__Work order__: Output a verbatim copy of the data, cut off after the line that contains "Renault Arkana 1.6".

__Source information__:
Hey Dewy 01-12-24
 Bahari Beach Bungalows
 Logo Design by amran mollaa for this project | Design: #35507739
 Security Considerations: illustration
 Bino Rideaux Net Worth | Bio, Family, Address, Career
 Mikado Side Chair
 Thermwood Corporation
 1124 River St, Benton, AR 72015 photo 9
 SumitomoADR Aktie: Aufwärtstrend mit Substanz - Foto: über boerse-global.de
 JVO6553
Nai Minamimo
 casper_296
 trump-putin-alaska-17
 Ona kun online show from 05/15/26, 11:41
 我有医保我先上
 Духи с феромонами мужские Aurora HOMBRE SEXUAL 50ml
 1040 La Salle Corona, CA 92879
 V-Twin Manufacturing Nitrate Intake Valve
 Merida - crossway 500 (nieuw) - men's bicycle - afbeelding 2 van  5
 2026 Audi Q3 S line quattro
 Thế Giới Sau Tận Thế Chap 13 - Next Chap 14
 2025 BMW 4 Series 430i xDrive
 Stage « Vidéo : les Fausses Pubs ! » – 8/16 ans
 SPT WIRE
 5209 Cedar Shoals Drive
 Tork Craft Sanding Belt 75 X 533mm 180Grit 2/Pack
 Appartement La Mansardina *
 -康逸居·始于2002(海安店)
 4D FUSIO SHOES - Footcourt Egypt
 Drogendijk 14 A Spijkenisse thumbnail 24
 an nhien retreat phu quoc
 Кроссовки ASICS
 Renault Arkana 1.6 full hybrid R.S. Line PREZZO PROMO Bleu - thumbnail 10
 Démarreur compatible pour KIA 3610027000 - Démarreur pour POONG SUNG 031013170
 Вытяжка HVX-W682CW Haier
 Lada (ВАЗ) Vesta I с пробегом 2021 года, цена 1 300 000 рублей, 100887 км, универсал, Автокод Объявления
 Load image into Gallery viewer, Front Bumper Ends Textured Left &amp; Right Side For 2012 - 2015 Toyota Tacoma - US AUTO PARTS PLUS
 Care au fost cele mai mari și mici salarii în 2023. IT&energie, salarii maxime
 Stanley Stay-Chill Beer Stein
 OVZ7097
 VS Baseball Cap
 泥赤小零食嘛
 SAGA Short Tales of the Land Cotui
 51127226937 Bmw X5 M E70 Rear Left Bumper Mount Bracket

__Task solution__:
Hey Dewy 01-12-24
 Bahari Beach Bungalows
 Logo Design by amran mollaa for this project | Design: #35507739
 Security Considerations: illustration
 Bino Rideaux Net Worth | Bio, Family, Address, Career
 Mikado Side Chair
 Thermwood Corporation
 1124 River St, Benton, AR 72015 photo 9
 SumitomoADR Aktie: Aufwärtstrend mit Substanz - Foto: über boerse-global.de
 JVO6553
Nai Minamimo
 casper_296
 trump-putin-alaska-17
 Ona kun online show from 05/15/26, 11:41
 我有医保我先上
 Духи с феромонами мужские Aurora HOMBRE SEXUAL 50ml
 1040 La Salle Corona, CA 92879
 V-Twin Manufacturing Nitrate Intake Valve
 Merida - crossway 500 (nieuw) - men's bicycle - afbeelding 2 van  5
 2026 Audi Q3 S line quattro
 Thế Giới Sau Tận Thế Chap 13 - Next Chap 14
 2025 BMW 4 Series 430i xDrive
 Stage « Vidéo : les Fausses Pubs ! » – 8/16 ans
 SPT WIRE
 5209 Cedar Shoals Drive
 Tork Craft Sanding Belt 75 X 533mm 180Grit 2/Pack
 Appartement La Mansardina *
 -康逸居·始于2002(海安店)
 4D FUSIO SHOES - Footcourt Egypt
 Drogendijk 14 A Spijkenisse thumbnail 24
 an nhien retreat phu quoc
 Кроссовки ASICS
 Renault Arkana 1.6 full hybrid R.S. Line PREZZO PROMO Bleu - thumbnail 10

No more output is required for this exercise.